# WORK TASK
From the data below, return only the lines from the one with "Honda Accord 1990-1993" through the one with "Happy 76th Birthday", exact and inclusive, with pictures left out.

# EXTRACTED MATERIAL
★ ★ ★ ★ ★
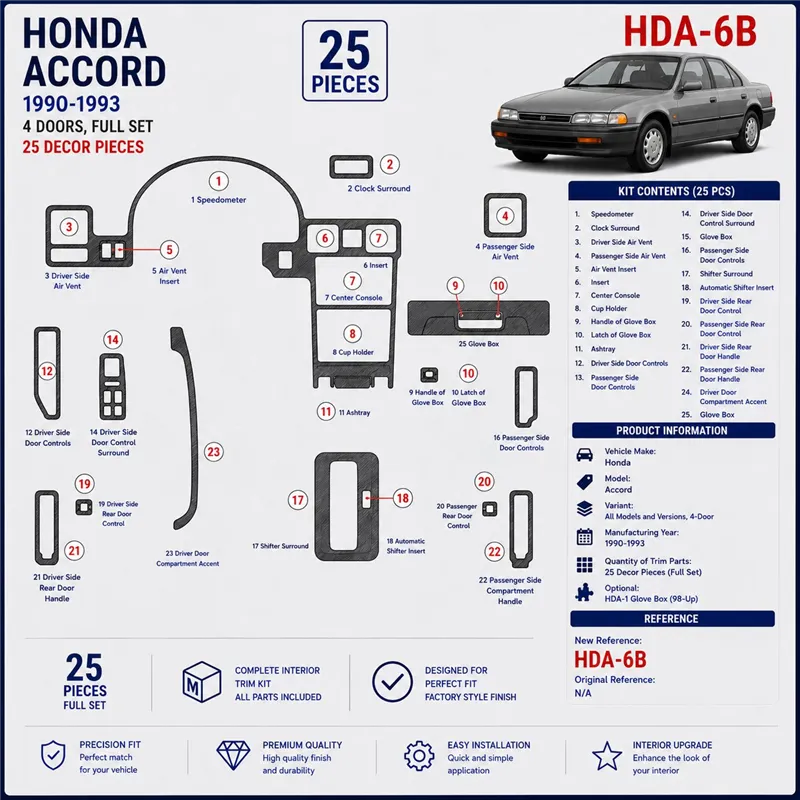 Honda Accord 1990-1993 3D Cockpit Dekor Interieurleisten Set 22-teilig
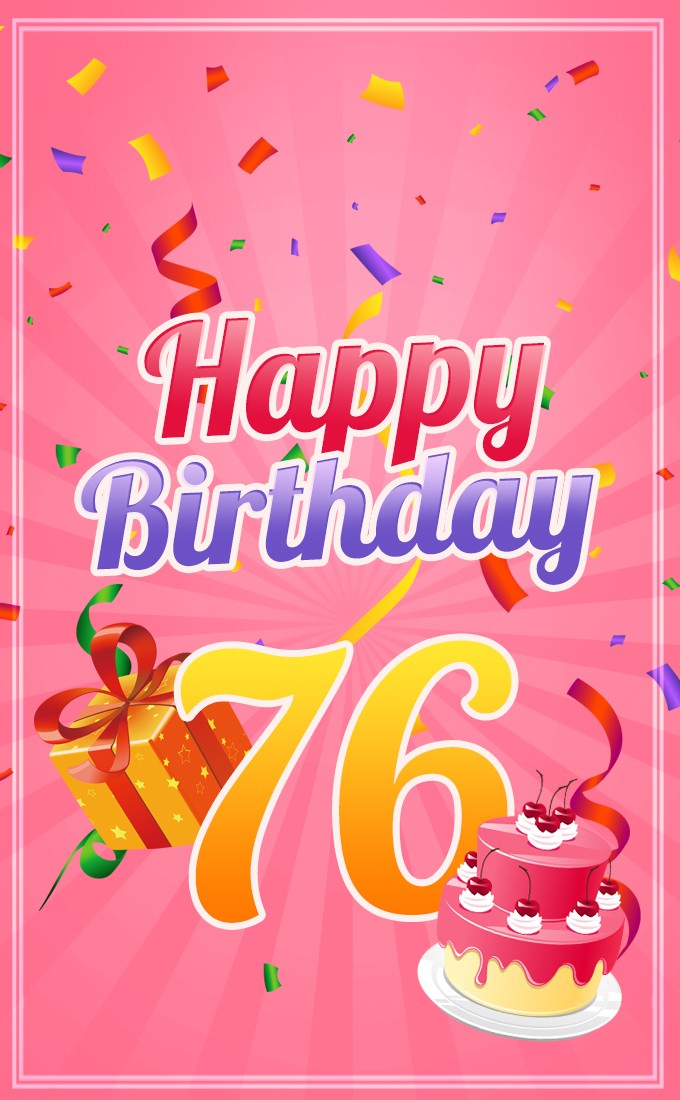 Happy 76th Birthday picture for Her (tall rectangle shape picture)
★ ★ ★ ★ ★
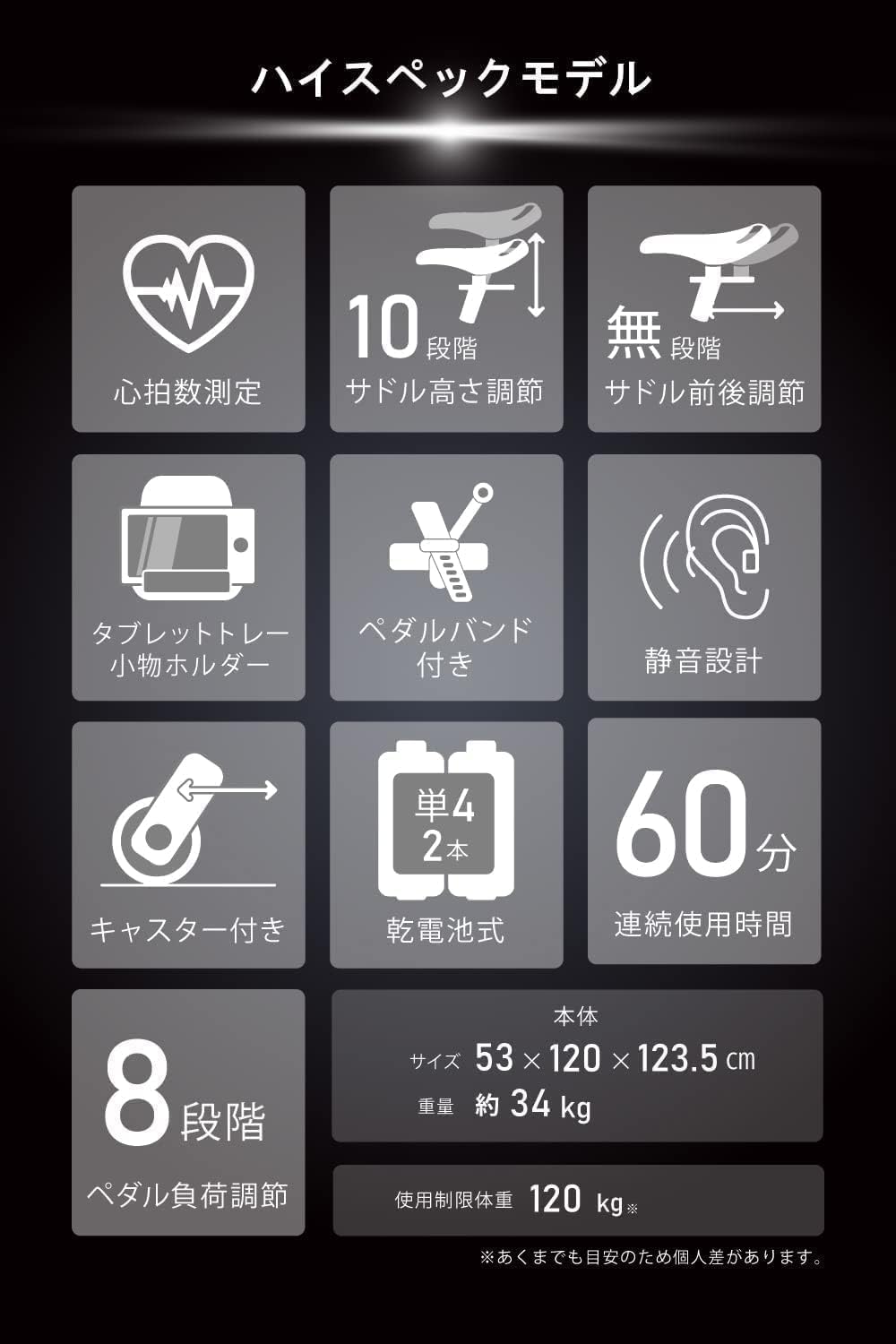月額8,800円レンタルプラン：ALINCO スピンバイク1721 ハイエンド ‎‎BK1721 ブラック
★ ★ ★ ★ ★
# SOLUTION TO THIS TASK
 Honda Accord 1990-1993 3D Cockpit Dekor Interieurleisten Set 22-teilig
 Happy 76th Birthday picture for Her (tall rectangle shape picture)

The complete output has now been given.